5. Symmetric Two-Armed Bandits: Minimax and Information-Theoretic Analysis

The simplest instance of symmetric bandits—the two-armed symmetric Bernoulli bandit with $\mu_1 + \mu_2 = 1$ —allows for explicit characterization of optimal regret. In this scenario, the myopic policy that selects the arm appearing better "so far" is provably minimax-optimal.

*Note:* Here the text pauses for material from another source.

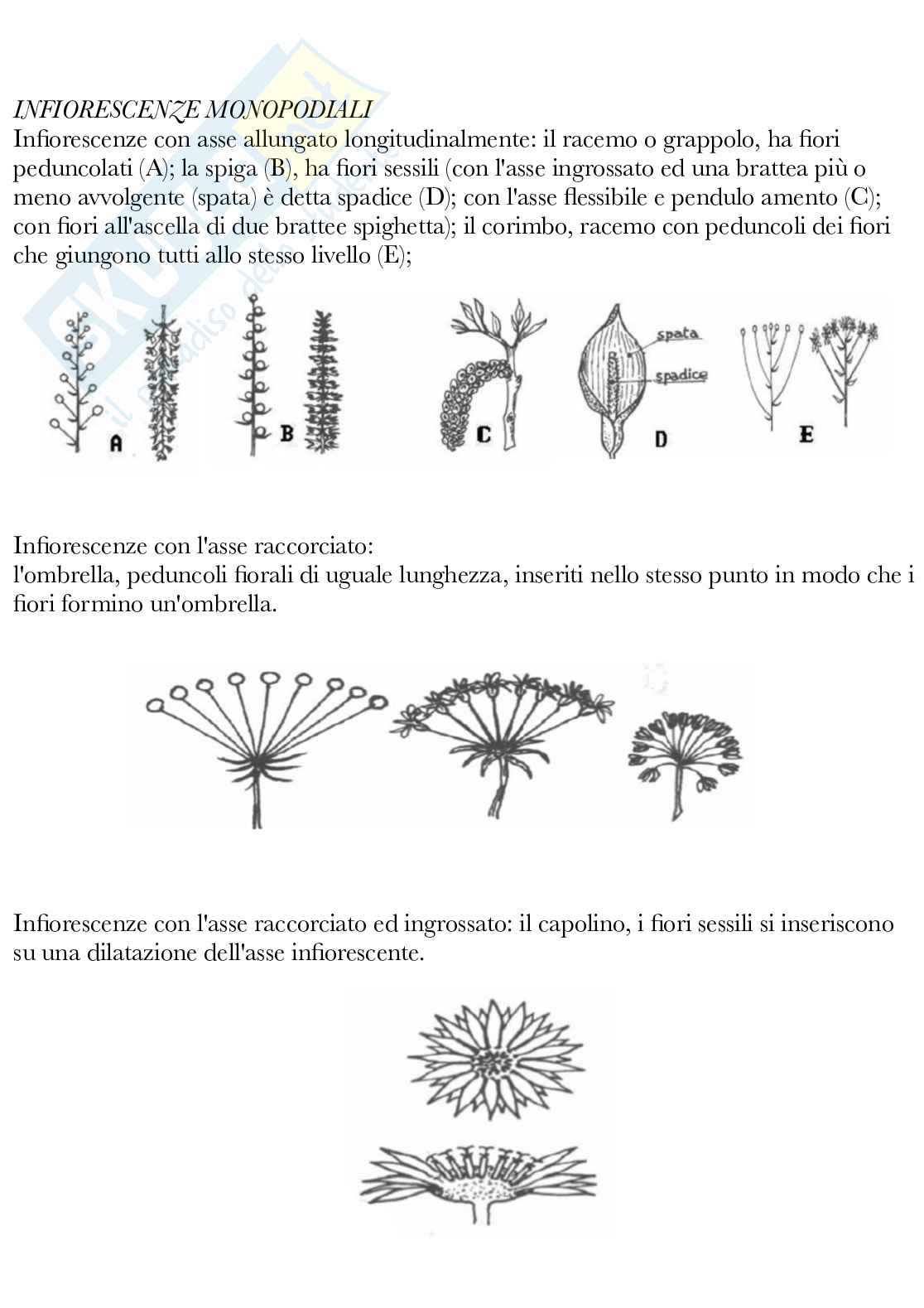 Botanica generale e sistematica Pag. 66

The regret analysis reduces to a parabolic PDE (linear heat equation) with discontinuous source, which delivers sharp asymptotics and non-asymptotic bounds:

For vanishing gap ( $\Delta \ll T^{-1/2}$ ): $R_T^* \sim 0.564 \sqrt{T}$
For large gap ( $\Delta \gg T^{-1/2}$ ): $R_T^* \sim 1 / \Delta$

This collapse of exploration-exploitation tradeoff is a direct consequence of the symmetry constraint on the reward structure, which permits a collective state-variable reduction (Kobzar et al., 2022).

Information-directed sampling (IDS) policies in symmetric two-armed bandits also coincide with this myopic/greedy rule: due to exchangeability of information gain across arms, IDS always selects the optimal arm w.r.t. the current posterior. The total discounted regret for IDS in the symmetric setting is uniformly bounded, $\mathcal{R}^* = 1 / (2\delta)$ for bias $\delta = 2 \theta - 1$ , while UCB and Thompson sampling without symmetry-awareness incur logarithmic regret unless they are explicitly modified to encode the structure (Hirling et al., 23 Dec 2025).

6. Broader Impact and Applied Domains

Symmetries in bandit problems—whether in noise, reward function, model structure, or constraints—enable algorithms to:

Achieve regret rates otherwise possible only under stronger tail conditions or model assumptions
Reduce the effective dimension or complexity of inference
Exploit structured feedback, side observations, or duality for resource allocation

Applications include heavy-tailed finance and economics modeling, robust machine learning under outliers or heavy tails, resource-constrained decision processes, high-dimensional inference under permutation or group invariance, and online recommendation systems with structured interactions. In all such problems, explicit or hidden symmetry, when recognized and exploited, affords substantial theoretical and practical advantages.

Table: Key Symmetric Bandit Models and Guarantees

Symmetry Type	Core Problem Structure	Regret Bound (Representative)
Symmetric heavy-tailed noise	i.i.d. noise $\rho(u) = \rho(-u)$	$O(\ln T \sqrt{KT\ln T})$ (Dorn et al., 2024)
Symmetric $\alpha$ -stable	$S_\alpha(0,\sigma,\mu)$ , $1<\alpha<2$	$O(K^{1/(1+\epsilon)}T^{(1+\epsilon)/(1+2\epsilon)})$
Linear bandits w/ hidden symmetry	$f(x)$ invariant under unknown group	$O(d_0^{2/3}T^{2/3}\log d)$ , $O(d_0\sqrt{T\log d})$
Invariant Lipschitz bandits	$f(g \cdot x) = f(x)$ under $G$	$\Theta(\|G\|^{-1/(d+2)}N^{(d+1)/(d+2)})$
Influential bandits	Loss update via symmetric PSD $A$	$O(KT\log T)$ (Sato et al., 11 Apr 2025)
Symmetric 2-armed Bernoulli	$\mu_1+\mu_2=1$ constraint	$R_T^*\sim 0.564\sqrt T$ (small gap) (Kobzar et al., 2022)

7. Theoretical and Practical Significance

Symmetric bandits underscore the advantage of tailoring algorithmic strategies to underlying structure. Theoretical analysis reveals that symmetry can serve as a weaker, yet sufficient, substitute for higher-order moment bounds, yielding near-sub-Gaussian performance in settings where naive algorithms would otherwise fail or be suboptimal. Practical algorithms—clipped-SGD-UCB, $\alpha$ -Thompson Sampling, group-invariant mesh methods, dual-formulation resource allocators, and symmetry-exploiting LCB algorithms—demonstrate the translation of symmetry from abstract model property to tangible statistical leverage across a broad range of domains.